RECORDS SUPPLIED -
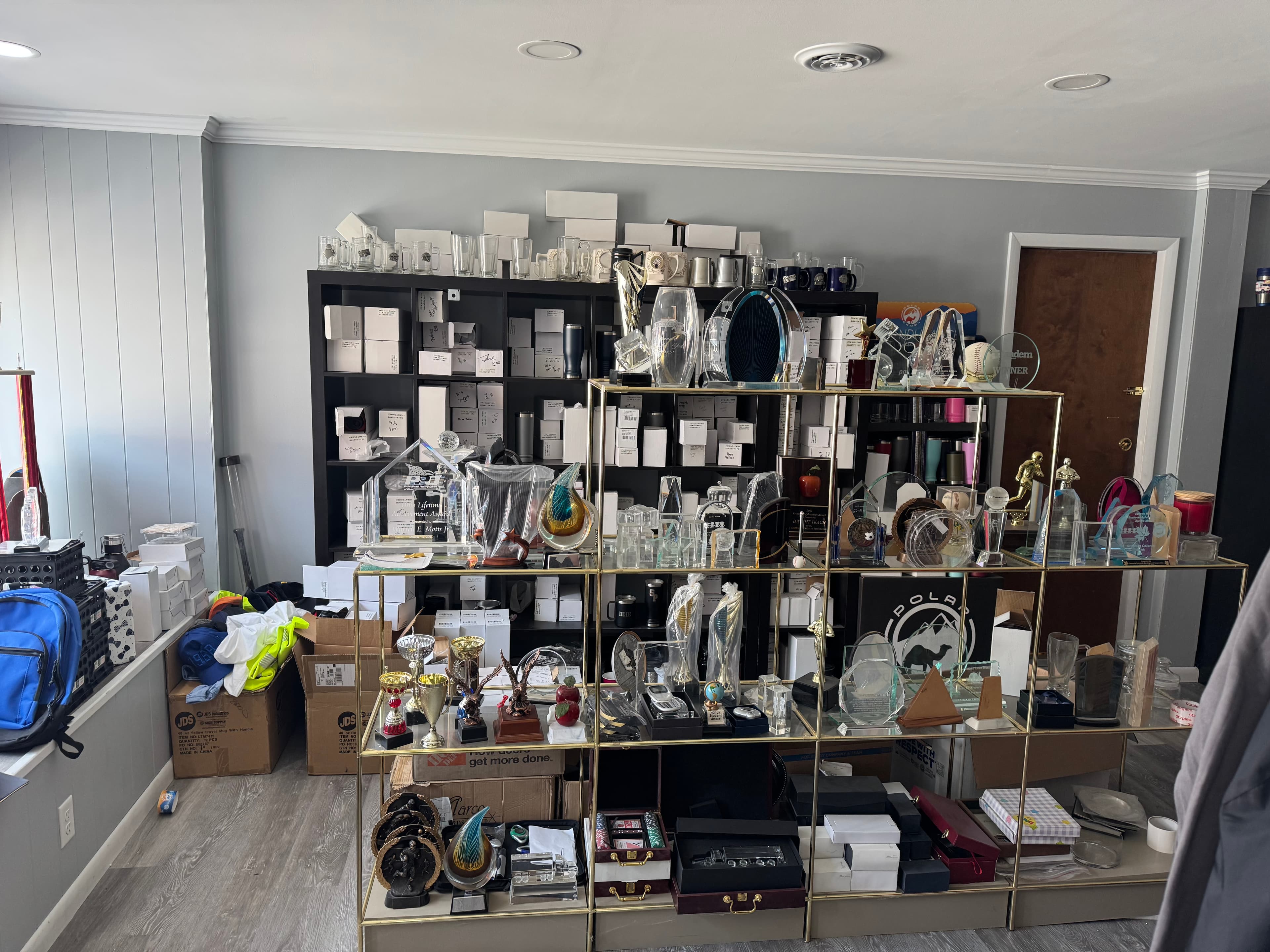 Gold and black shelves overflowing with trophies, glass awards, and boxes in a cluttered room.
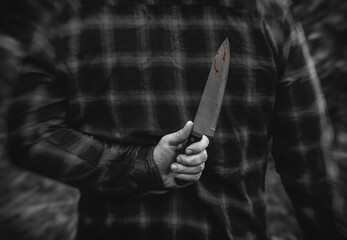 A man with a bloody knife in his hand close up.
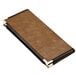 A brown leather Menu Solutions Royal Select menu cover with black corners on a table in a bar.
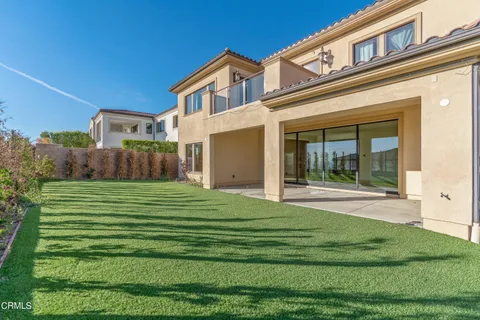 a view of a house with a yard and sitting area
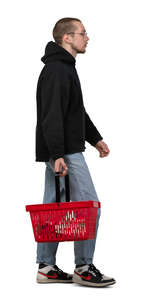 cut out young man with a shopping basket walking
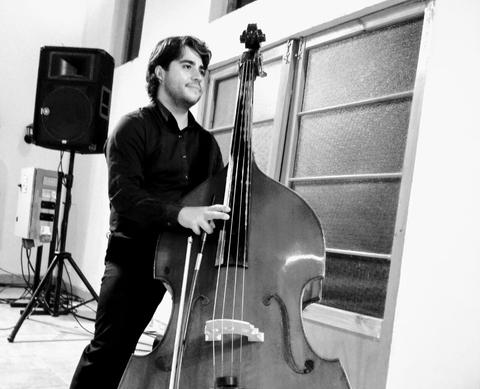 Un joven músico toca un contrabajo en una sala de música.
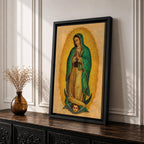 This artwork depicts Our Lady of Guadalupe rendered in a detailed mosaic style with vibrant gold and green tones. The figure is shown with hands clasped in prayer, surrounded by a radiant golden aura, and standing on a crescent moon supported by an angelic face below, capturing the iconic religious imagery.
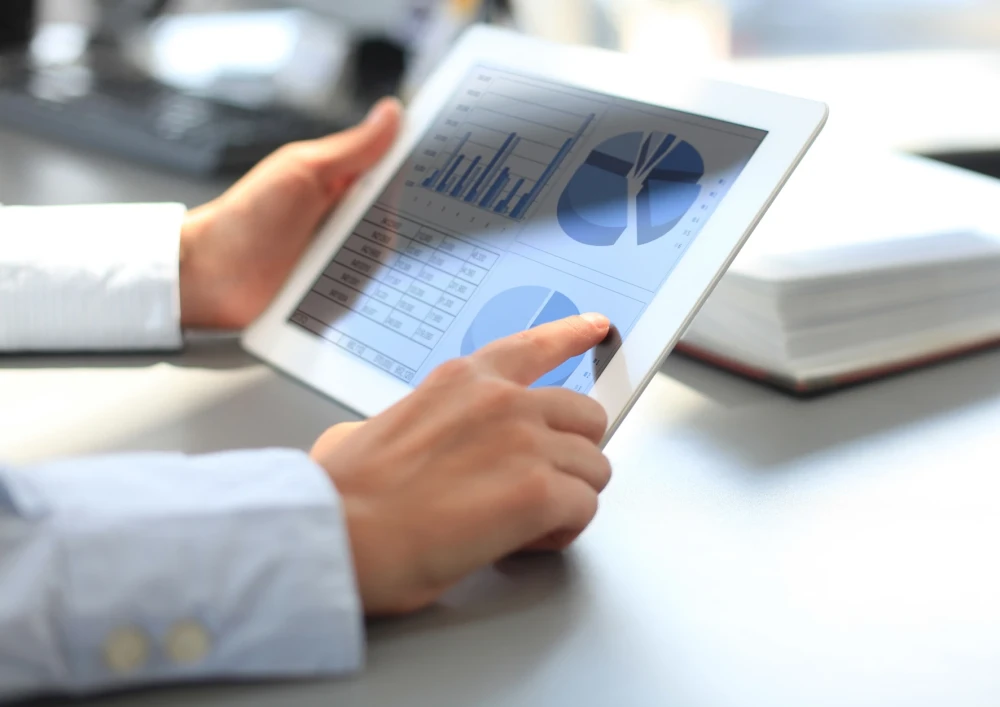 Two Hands holding an IPad with different Diagramms on it. In the background you can see different office tools.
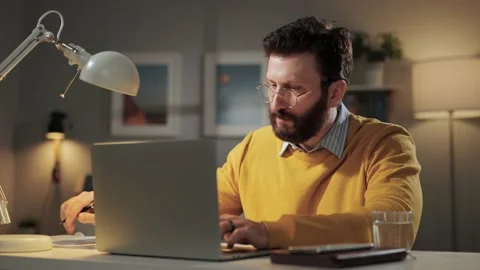 Man working at computer. Focused bearded man in glasses working at computer in Видео 170473166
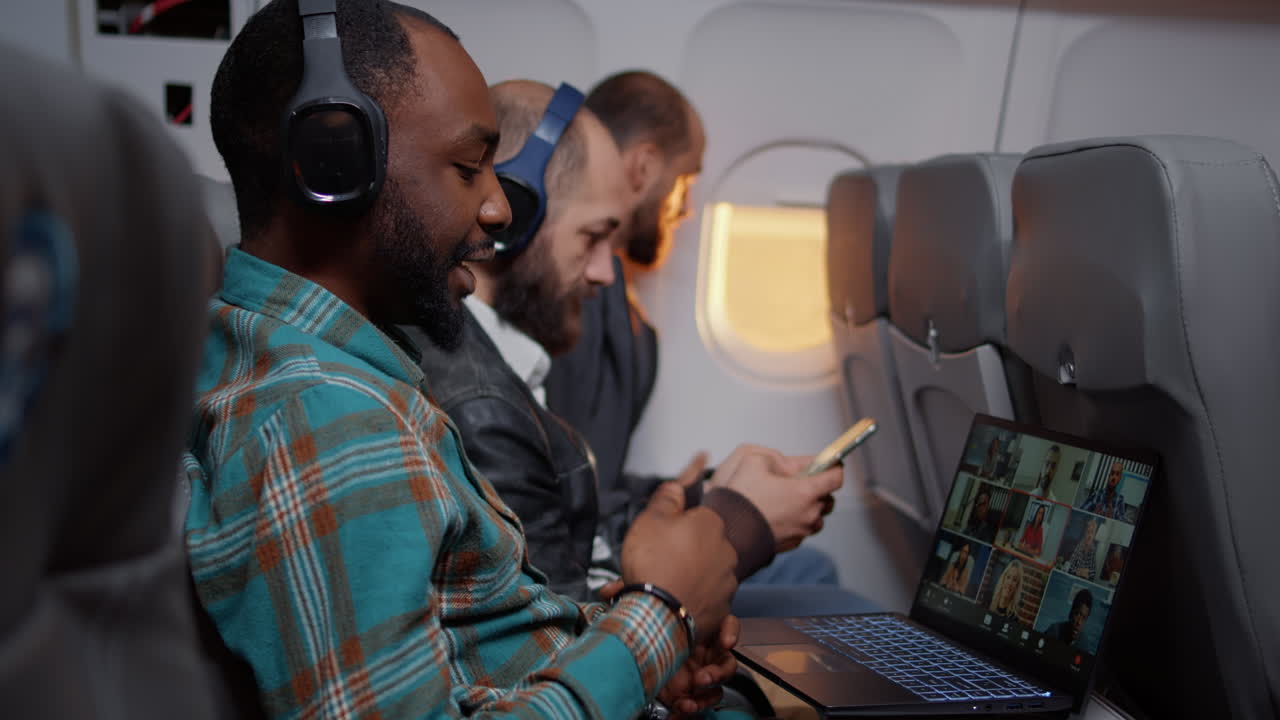 Entrepreneur talking on videocall conference on airplane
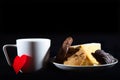 Tea cup of morning drink  waffles  biscuits and red heart on the black background. Romantic breakfast Royalty Free Stock Photo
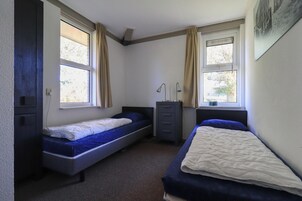 2 habitaciones, tabla de planchar con plancha y muebles diferentes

PROBLEM TO WORK ON -
What's needed is a word-for-word retyping of the listing, minus its pictures.

RESULT -
 Gold and black shelves overflowing with trophies, glass awards, and boxes in a cluttered room.
 A man with a bloody knife in his hand close up.
 A brown leather Menu Solutions Royal Select menu cover with black corners on a table in a bar.
 a view of a house with a yard and sitting area
 cut out young man with a shopping basket walking
 Un joven músico toca un contrabajo en una sala de música.
 This artwork depicts Our Lady of Guadalupe rendered in a detailed mosaic style with vibrant gold and green tones. The figure is shown with hands clasped in prayer, surrounded by a radiant golden aura, and standing on a crescent moon supported by an angelic face below, capturing the iconic religious imagery.
 Two Hands holding an IPad with different Diagramms on it. In the background you can see different office tools.
 Man working at computer. Focused bearded man in glasses working at computer in Видео 170473166
 Entrepreneur talking on videocall conference on airplane
 Tea cup of morning drink  waffles  biscuits and red heart on the black background. Romantic breakfast Royalty Free Stock Photo
 2 habitaciones, tabla de planchar con plancha y muebles diferentes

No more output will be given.